New York constantly screeches and screams. Fire trucks and ambulances constantly whip down the street. The massive billboards shout at you to buy soda, phones, bags, cosmetics, cars – subliminally. The men in rickshaws play loud music and speak in thickly accented English. There is no silence in New York. Nothing stands still, everybody is in a constant state of motion as if, if they stopped, they’d turn into a pillar of salt.
After you have had enough of this bedlam you will leave that lunacy and descend into the earth, into the very belly of the beast: the subway. The subway is a vast and unimaginable network of capillaries feeding the furnace of American hunger with more bodies of breathing New Yorkers. The subway is dirty and grimy, clanky and old. It smells of oil, steel and weariness. And the pizza rat. Look it up.

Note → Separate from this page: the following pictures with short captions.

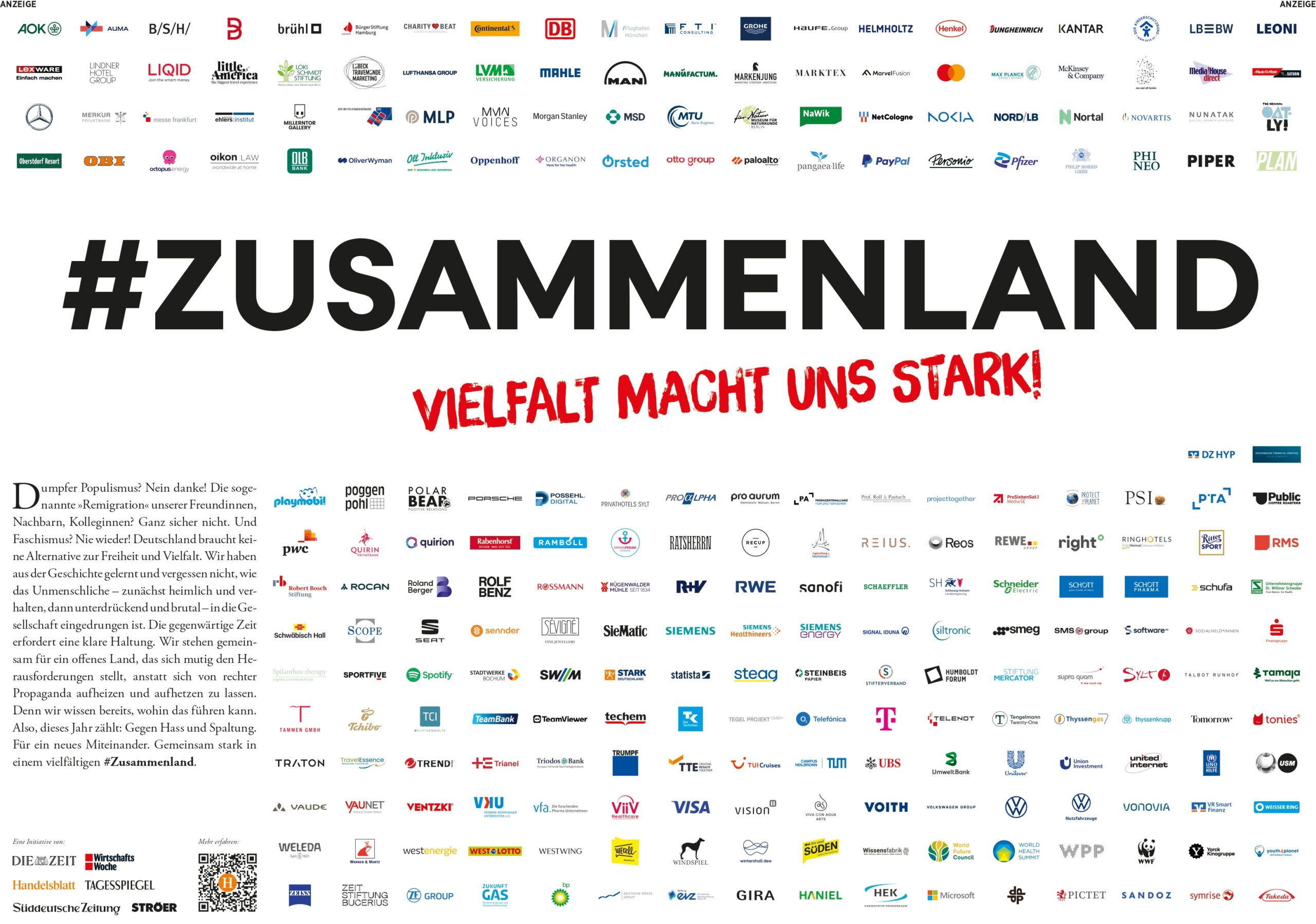 Zusammenland_Vielfaltmachtunsstark_Anzeige2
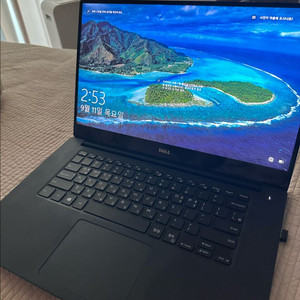 Dell XPS 15 9550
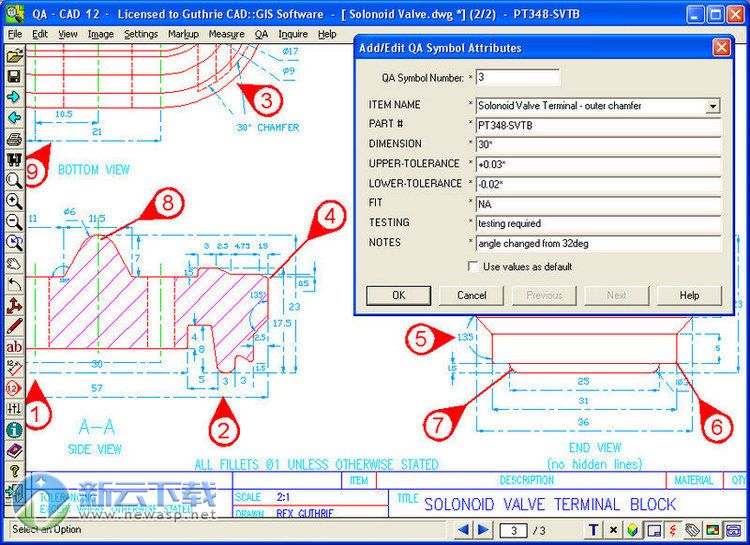 QA-CAD 2017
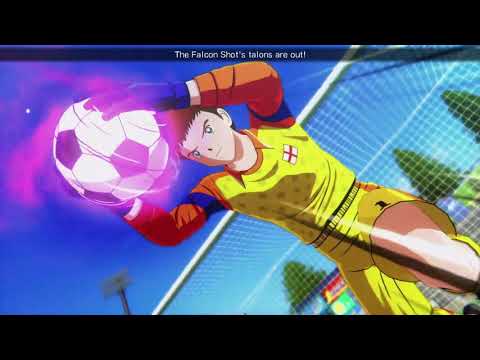 PS4, NSW, PC | CAPTAIN TSUBASA: RISE OF NEW CHAMPIONS TUTORIAL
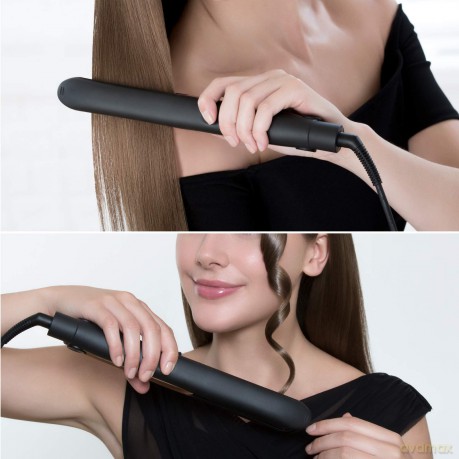 Panasonic - EH-PHS9KK825 Hair Straightener
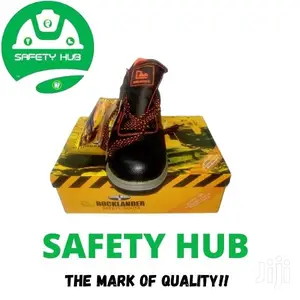 Rocklander Safety Work Boots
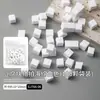 Herramientas para Manicura, Esponja para Pegamento en Parche, Pinza, Bloque de Tofu Mini de Alta Densidad, Caja de Color y Tamaño Personalizados al por Mayor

This miasma is arranged both alphabetically and numerically, an esoteric code, only known to New Yorkers, meant to set them apart from other mortals. The subway is an irony in that if you thought you’d escaped the hysteria of the streets above, you will be met with untold noise below. Of old steel grinding against old steel, like lovers who hate each other, the remnants of their union being passionless sex. You could convulse and die and New Yorkers will step over you to exit. Nobody looks up, never makes eye contact because God forbid should your eyes meet and see their humanity. Nobody talks in the subway. New Yorkers all look at their cellphones, ears plugged with headphones and earphones, blocking out their environment as they listen to other humans or instruments initiated by other humans. The irony therein is that although the trains are old and loud, the humans never say a word, mum as mummies.
It’s 00:47 am as I write this in Brooklyn. By the way Brooklyn is dirty, but it’s got a charming character. It’s got attitude. I’m staying in a predominantly Jewish neighbourhood. The host of the Airbnb is an ageing Russian who has hung drawings of naked women in the living room area. He’s good. He is currently seated next door in a room-turned-studio, burning the midnight oil. I just returned from watching ‘MJ The Musical’ on Broadway. I’m still trembling slightly from the electricity of a Broadway performance. If you can, watch one show before you die. It’s worth your time and money.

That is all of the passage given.